= Abū Naṣr Aḥmad ibn Ḥātim al-Bāhilī =

Abū Naṣr Aḥmad ibn Ḥātim al-Bāhilī (d. 231 AH/846 CE) was an Arabic-language poet and scholar.

==Life and works==

Little is known of Abū Naṣr's life. His tribal surname al-Bāhilī associates him with a tribe from Najd. He is known to have had a number of students who themselves became successful scholars, especially Abū l-ʿAbbās Thaʿlab, and at least some of his works circulated as far east as Persia and as far west as al-Andalus.

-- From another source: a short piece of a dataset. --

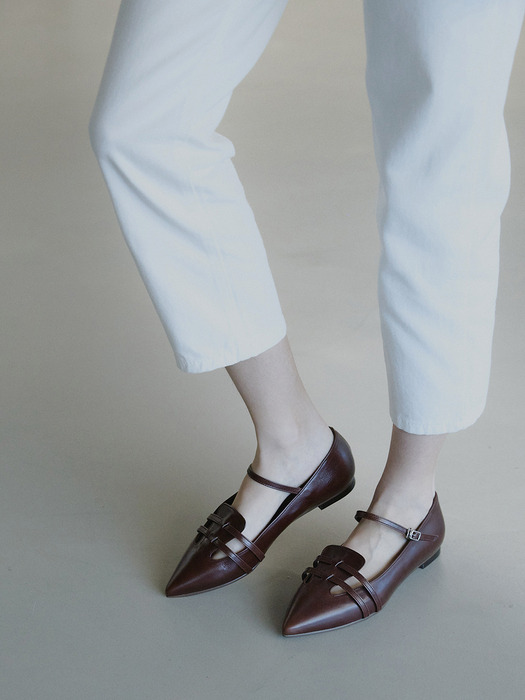 Patent Leather Flat Shoes (Brown)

He was active in Isfahan. He had a widely reported dislike of his nephew Abū ʿAbd Allāh Muḥammad ibn Ziyād Ibn al-Aʿrābī.

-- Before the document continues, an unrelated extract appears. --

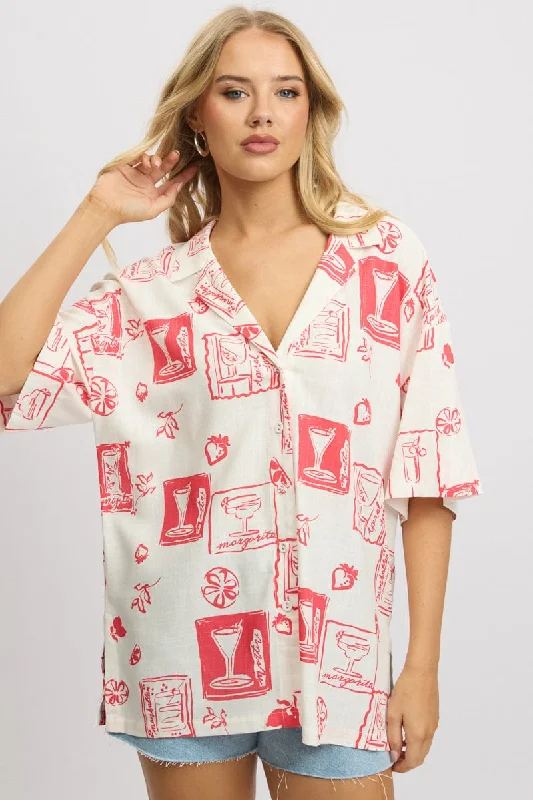 Women's Professional Apparel Red Abstract Relaxed Shirt Short Sleeve Linen Blend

Ibn al-Nadim's Kitāb al-Fihrist, a major catalogue of books from c. 998 CE, records the following works for al-Bāhilī; none survive, at least not in their original form and under al-Bāhilī's name. Several, indeed, seem likely to have been al-Bāhilī's own adaptation of earlier works of the same name by al-Aṣmaʿī:

- Kitāb al-Ibil A ('The Camel')
- Kitāb Abyāt al-maʿānī ('A Verses of [Ambiguous] Meanings')
- Kitāb al-Zarʿ wa-l-nakhl ('Cereal Crops and Palms')
- Kitāb al-Khayl A ('The Horse')
- Kitāb al-Shajar wa-l-nabāt ('A Trees and Plants')
- Kitāb al-Libāʾ wa-l-laban ('Beestings and Milk')
- Kitāb al-Ishtiqāq ('A Derivation of Names')
- Kitāb al-Ṭayr ('Birds')
- Kitāb Mā talḥanu fī-hi l-ʿāmma ('Vulgar Dialecticisms')
- Kitāb al-Jarād ('The Locust')

The closest we have to a complete surviving text by al-Bāhilī seems to be a commentary on the poems of Dhū l-Rumma, in a greatly altered recension by Abū l-ʿAbbās Thaʿlab (d. 291/904) which draws on al-Bāhilī's commentary alongside other commentaries. Al-Bāhilī's Kitāb Abyāt al-maʿānī, which probably drew on al-Aṣmaʿī's Kitāb Maʿānī al-shiʿr but was a distinct work, was quite widely quoted, which allows for fairly good insights into its content; these quotations have been collected, and translated into English, by David Larsen.